A Shariah-compliant loan is known as qardh-ul hasan (also qard hasan, literally "benevolent loan" or "beneficence loan"). It is often described as an interest-free loan extended to needy people.
Such loans are often made by social service agencies, or by a firm as a benefit to its employees, rather than by Islamic banks. They are analogous to the microcredit of conventional finance, when it does not provide for interest.

Quoting the Islamic prophet Muhammad, some sources insist that lenders may not gain "any advantage or benefits" from the loan, let alone interest.
However, some Islamic banks offer products called qardh-ul hasan which charge lenders a management fee,
and others have savings account products called qardh-ul hasan, (the "loan" being a deposit to a bank account) where the debtor (the bank) may pay an extra amount beyond the principal amount of the loan (known as a hibah, literally gift) if the extra is not an obligation of the account/loan agreement.

===Contracts of safety, security, and service===
These contracts are intended to help individual and business customers keep their funds safe.

====Hawala====

Hawala (also hiwala, hewala, or hundi; literally "transfer" or "trust") is a widely used, informal "value transfer system" for transferring funds from one geographical area to another, based not on wire transfers but on a huge network of money brokers (known as "hawaladars") throughout the Muslim world.
Hawala networks can reach remote areas and have developed where conventional banking services are weak.

In the first half of the 20th century it lost ground to instruments of the conventional banking system, but regained it starting in the late 20th century with the economic migration of Muslim workers to wealthier countries in the West and the Gulf and their need to send money home. Dubai has traditionally served as a hub for hawala.

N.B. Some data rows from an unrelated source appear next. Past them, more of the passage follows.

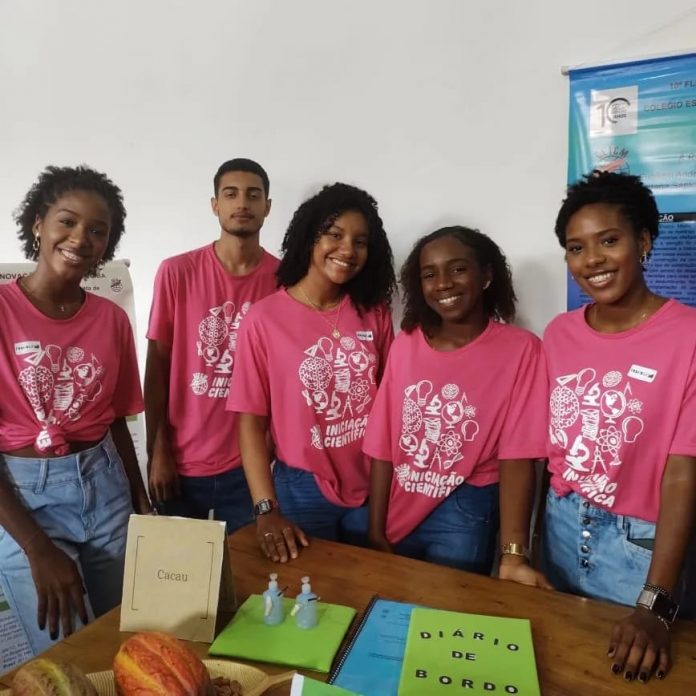 Estudantes da rede estadual desenvolvem biogás à base de cacau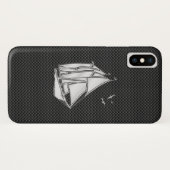 Silver Regatta Sailboot op het koolstofvezeldecor Case-Mate iPhone Case (Achterkant (horizontaal))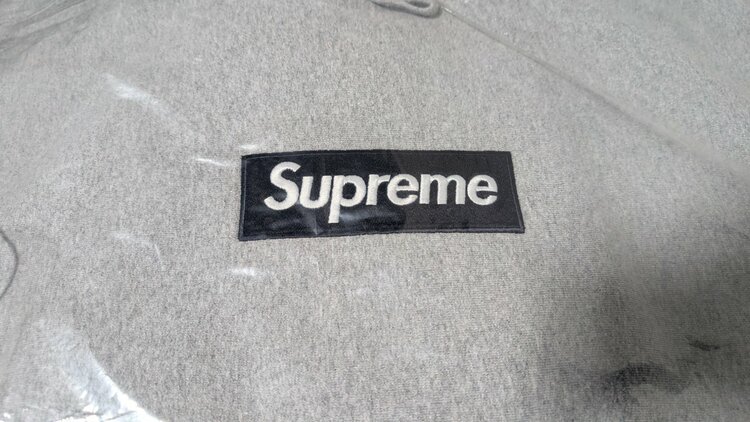 新品未使用 Supreme Box Logo Hooded Sweatshirt（古着・ファッション）の商品画像 - 査定依頼日：2026年1月16日 - 最高査定価格：30,000円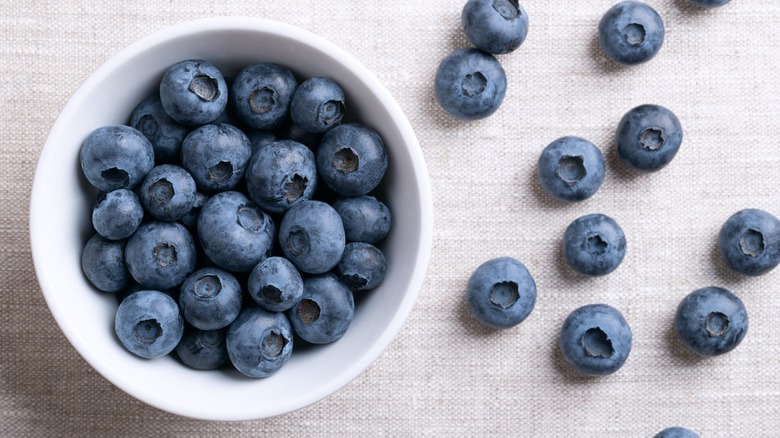 Overview of fresh blueberries in a white bowl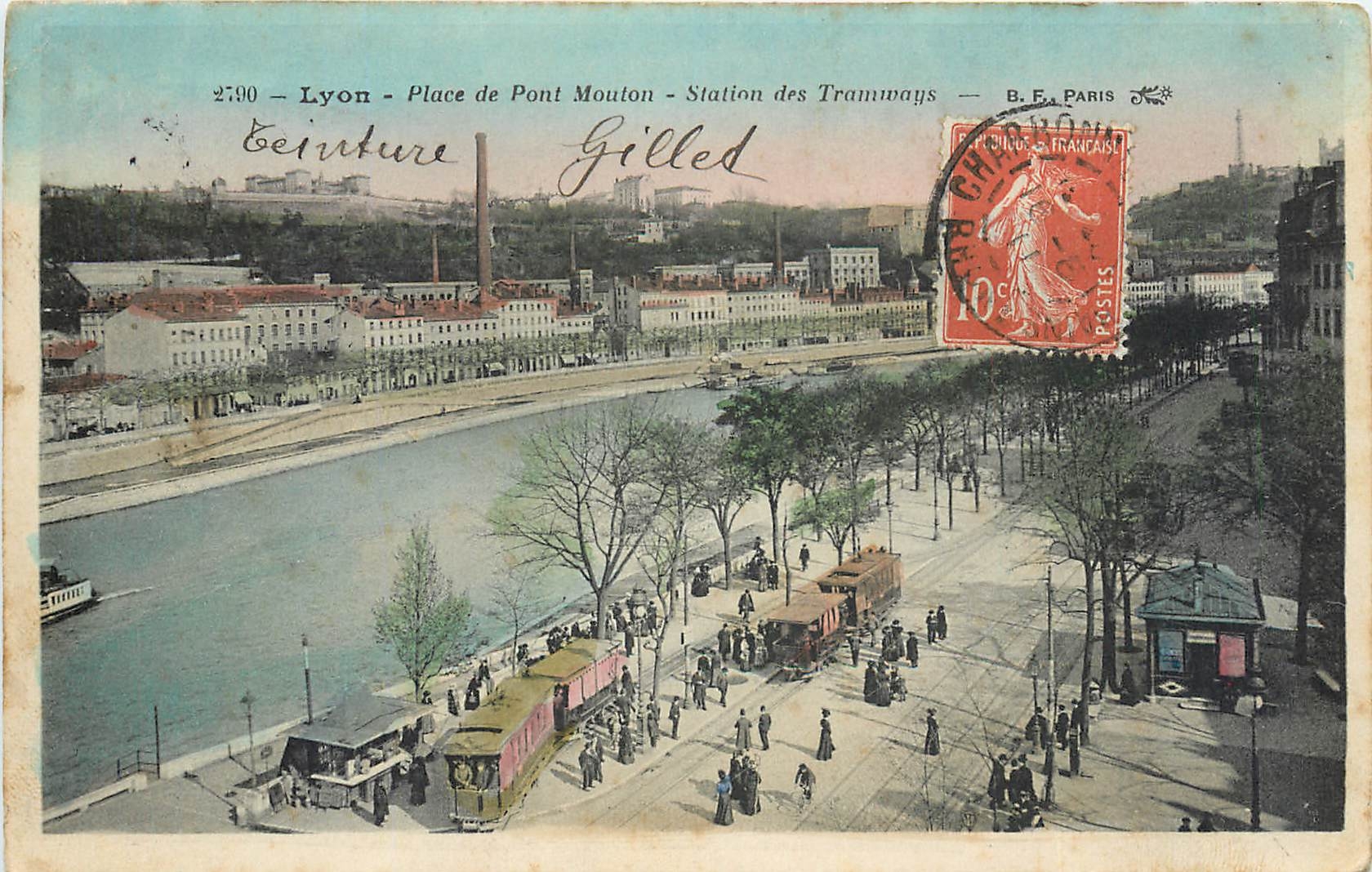 CPA Lyon Place de Pont Mouton Station des Tramways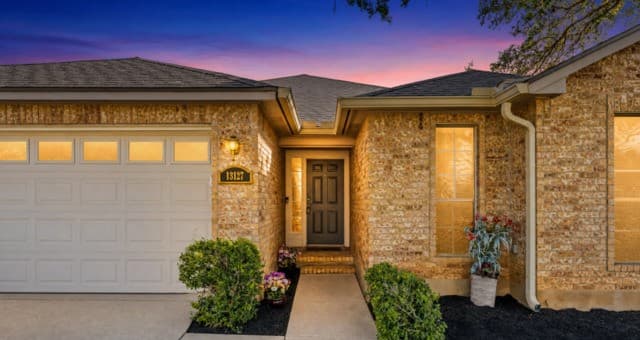 Home for sale at 13127 Forum Rd in Universal City, TX — photo 2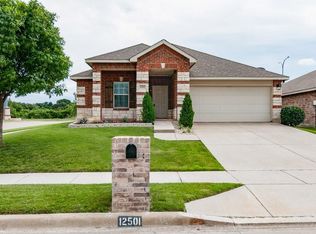 12501 Foxpaw Trl, Fort Worth, TX 76244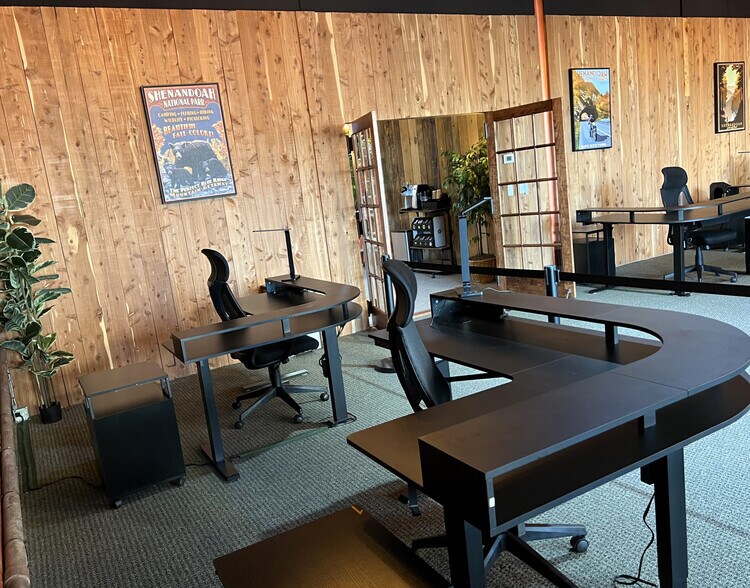 More Photos Of 31 N Federal St, Harrisonburg Coworking Space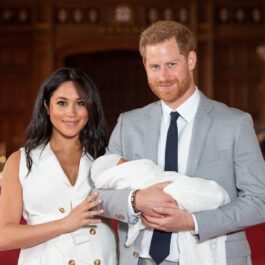 Meghan Markle alături de Prințul Harry în timp ce țin în brațe primul lor născut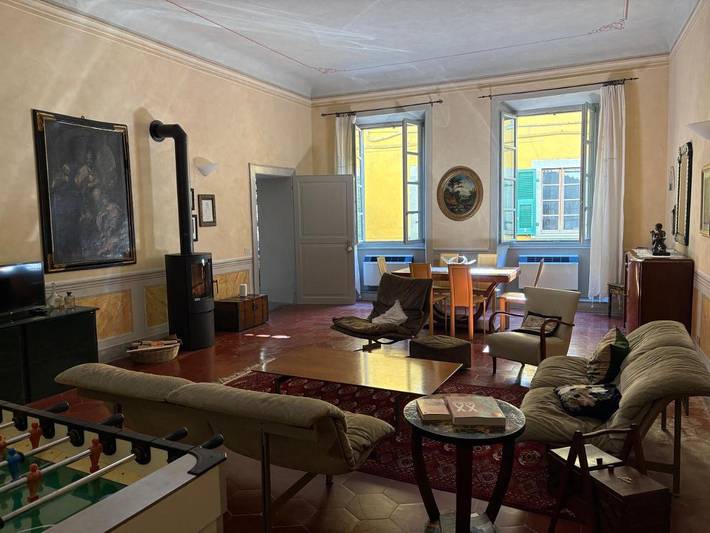 Ferienhaus für 9 Personen, mit Pool und Garten, mit Haustier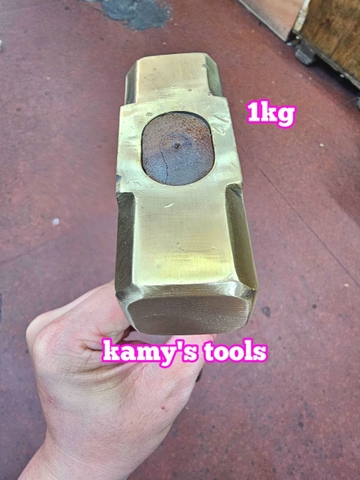 Búa đồng thau đầu vuông cán gỗ 1kg kamytools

Recipient of the funds often identify themselves with passwords given to them by the sender. Brokers often operate other small businesses. Family and ethnic ties support networks that rely more on trust than on legal documents.

====Kafala====
Kafala (literally "guarantee") is called "surety" or "guaranty" in conventional finance. A third party accepts an existing obligation and becomes responsible for fulfilling someone's liability.

====Rahn====
Rahn ("collateral" or "pledge contract") is property pledged against an obligation. A rahn contract is made in order to secure a financial liability. According to Mecelle, rahn is "to make a property a security in respect of a right of claim, the payment in full of which from the property is permitted." Hadith tradition states that the Islamic prophet Muhammad purchased food on credit pledging his armor as rahn.

==== Wakalah====
In a wakalah contract, a person (the principal or muwakkel) appoints a representative (the agent or wakil) to undertake transactions on his/her behalf which the principal does not have the time, knowledge or expertise to perform themselves – similar to a power of attorney agreement in conventional legal terms. Wakalah should be a non-binding contract for a fixed fee. The agent's services may include selling and buying, lending and borrowing, debt assignment, guarantee, gifting, litigation and making payments, and wakil are involved in numerous Islamic products like musharakah, mudarabah, murabaha, salam and ijarah.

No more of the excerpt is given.